• Lawrence Phillips - Research Interests

I'm interested in understanding the role of modeling assumptions in models of human cognition. I work with models of infant speech segmentation. By around 6 or 7 months of age, infants are already learning to identify boundaries in speech, breaking up the stream of sounds into meaningful chunks (along the lines of what we'd think of as words). My work adapts existing Bayesian models of segmentation to better match experimental evidence.

Unit of Representation:
How do infants process the sounds they hear? Traditionally, models assumed infants break up speech into individual sounds or phonemes. This contrasts with experimental evidence suggesting infants segment using syllables. My work investigates syllables as a possible unit of representation for Bayesian speech segmentation. Testing over 7 languages, I showed that syllables provide a good base for a relatively simple Bayesian learner. Non-Bayesian models were used for comparison and did not succeed on all languages. To help other researchers in the field, the syllabified corpora are available on GitHub.

Model Inference:
Bayesian models rely on complex inference proceedures in order to learn model parameters. This is often done in a "batch" process where all the data is seen at once. I build off the work of Pearl et al. (2011) to show that "online" inference, processing utterance by utterance, is still feasible for syllable-based learners. I find that properties of English interact with online inference in interesting ways, underscoring the importance of evaluating on multiple languages.

Output Evaluation:
Traditionally, models of language acquisition are evaluated against gold standards that reflect adult linguistic knowledge. In modeling early segmentation, infants don't achieve adult knowledge and so these comparisons are difficult to interpret. I've investigated multiple methods to avoid these gold standard problems. First, I performed a detailed error analysis for each learner, demonstrating that the Bayesian approach produces reasonable errors that vary according to the language being learned. Second, I treat segmentation as part of the language learning pipeline where the output of segmentation is used to learn other later tasks. I showed that gold standard segmentation performance does not necessarily indicate that the output is useful for tasks such as word-object mapping or stress pattern acquisition.

Journal Publications:

Phillips, L. & Pearl, L. (Under Review). Evaluating language acquisition strategies: A cross-linguistic look at early segmentation.

Phillips, L. & Pearl, L. (2015). The utility of cognitive plausibility in language acquisition modeling: Evidence from word segmentation. Cognitive Science, 1-31.

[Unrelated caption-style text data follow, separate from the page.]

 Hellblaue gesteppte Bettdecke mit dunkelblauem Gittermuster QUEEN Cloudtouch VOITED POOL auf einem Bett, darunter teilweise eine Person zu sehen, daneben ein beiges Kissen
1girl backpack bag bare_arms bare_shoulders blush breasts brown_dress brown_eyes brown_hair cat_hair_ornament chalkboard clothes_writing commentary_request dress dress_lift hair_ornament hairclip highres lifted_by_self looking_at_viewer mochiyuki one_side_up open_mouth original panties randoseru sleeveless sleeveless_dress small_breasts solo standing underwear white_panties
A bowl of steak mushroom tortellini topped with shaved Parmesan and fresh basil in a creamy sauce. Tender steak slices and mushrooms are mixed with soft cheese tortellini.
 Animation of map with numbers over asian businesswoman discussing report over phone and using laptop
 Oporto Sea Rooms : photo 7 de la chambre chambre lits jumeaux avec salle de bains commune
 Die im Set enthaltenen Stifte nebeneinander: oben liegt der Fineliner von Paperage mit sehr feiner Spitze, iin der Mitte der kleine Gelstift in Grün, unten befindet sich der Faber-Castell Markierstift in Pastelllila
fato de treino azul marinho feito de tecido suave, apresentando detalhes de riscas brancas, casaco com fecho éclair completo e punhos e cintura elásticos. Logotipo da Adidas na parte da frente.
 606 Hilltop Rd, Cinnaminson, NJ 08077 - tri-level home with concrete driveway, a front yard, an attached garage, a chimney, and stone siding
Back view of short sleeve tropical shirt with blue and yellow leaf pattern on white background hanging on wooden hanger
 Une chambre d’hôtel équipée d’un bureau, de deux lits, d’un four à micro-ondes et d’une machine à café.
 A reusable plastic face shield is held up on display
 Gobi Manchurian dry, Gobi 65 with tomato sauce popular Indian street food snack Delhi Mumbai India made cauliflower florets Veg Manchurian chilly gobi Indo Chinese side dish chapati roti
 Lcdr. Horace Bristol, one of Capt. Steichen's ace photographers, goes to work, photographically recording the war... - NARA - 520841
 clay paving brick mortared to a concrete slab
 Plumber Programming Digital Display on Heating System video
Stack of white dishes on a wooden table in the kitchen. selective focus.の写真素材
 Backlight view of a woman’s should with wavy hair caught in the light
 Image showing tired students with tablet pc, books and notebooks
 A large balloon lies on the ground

Bent, T., Loebach, J.L., Phillips, L., & Pisoni, D.B. (2011). Perceptual adaptation to sine-wave vocoded speech across languages. Journal of Experimental Psychology: Human Perception and Performance, 37(5), 1607-1616.

Conference Proceedings:

Phillips, L. & Pearl, L. (2015). Utility-based evaluation metrics for models of language acquisition: A look at speech segmentation. Workshop on Cognitive Modeling and Computational Linguistics, NAACL.

Phillips, L. & Pearl, L. (2014). Bayesian inference as a viable cross-linguistic word segmentation strategy: It's all about what's useful. Proceedings of the 36th Annual Conference of the Cognitive Science Society. Quebec City, CA, 2775-2780.

Phillips, L. & Pearl, L. (2014). Bayesian inference as a cross-linguistic word segmentation strategy: Always learning useful things. Proceedings of the Computational and Cognitive Models of Language Acquisition and Language Processing Workshop, EACL. Gothenburg, Sweden, 9-13.

Phillips, L. & Pearl, L. (2012). 'Less is More' in Bayesian word segmentation: When cognitively plausible learners outperform the ideal. Proceedings of the 34th Annual Conference of the Cognitive Science Society.